Coffee to get a roasting in chilly Northeast

HARBIN — Di Guochen, a businessman in Harbin, capital of Heilongjiang province, has an ambitious plan to turn the city into a trading center for raw coffee beans.

As the chairman of the province’s coffee industry and communication alliance, Di is brewing up an idea to grow coffee in South America, transport the beans to China for processing and then sell the finished product to neighboring countries.

After years of living in Brazil, Di has developed a deep understanding of the coffee industry and is optimistic about the prospect of cooperation with the country.
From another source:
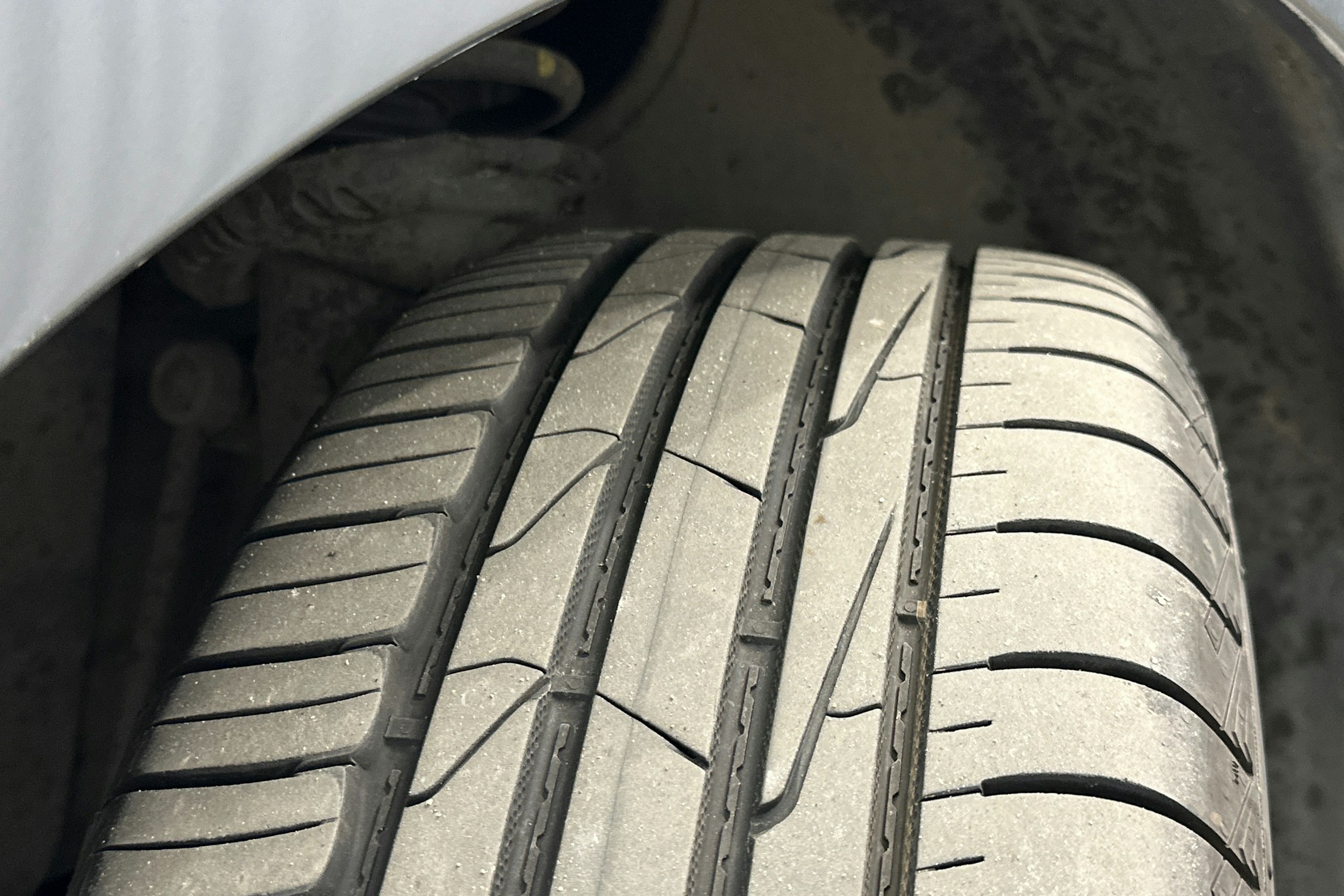 Harmaa Audi Q3 2019 kuva 35.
“South America is known for its top-quality coffee, but processed, roasted coffee can only be kept for a relatively short time,” Di said. “Japan, South Korea and Russia are big coffee consumers. If a roasting plant is built in Heilongjiang, it will rev up China’s coffee industry and better serve neighboring markets.”

Located in northeastern Asia, Harbin has a history as a city of combined Chinese and Western cultures. It has a well-developed coffee culture with hundreds of coffee shops in operation, as well as huge market potential.

Drinking coffee has become a habit for white-collar workers, college students and foreign residents of Harbin in recent years.

Di, who also runs coffee shops of his own, said that he chose to start the alliance because he spotted the huge market demand in Harbin, especially among younger consumers. “Professors, as well as students from the Harbin Institute of Technology and other colleges, often come to my coffee shop,” he said.

“Coffee shops can be a place for young people to discuss their ambitions and new ideas in a relaxed, comfortable atmosphere.”

Zhang Xiaodan, a sales manager at a trading company in Harbin, initially developed a love for coffee because of her work.

“I used to take my foreign clients to coffee shops for business discussions as they are a good place to talk. Gradually, I found that drinking coffee helped me lose weight and improved my mood,” Zhang said, adding that she has even bought a coffee machine and has started to learn about coffee beans and coffee culture.

Coffee consumption is rising rapidly in China, turning the traditionally tea-drinking country into one of the world’s most promising markets for the bean.

The expanding market is expected to be worth about 1 trillion yuan ($145.7 billion) by 2025, according to an industry report.

Di sees both great potential and demand in China’s coffee market, especially in Heilongjiang, and plans to invite partners engaged in the coffee industry in Brazil to the province’s free trade zone to invest.

He believes that they have already reached a preliminary cooperation agreement. “Coupled with the tax incentives and other favorable conditions in the free trade zone, we are optimistic about the plan’s prospects,” he said.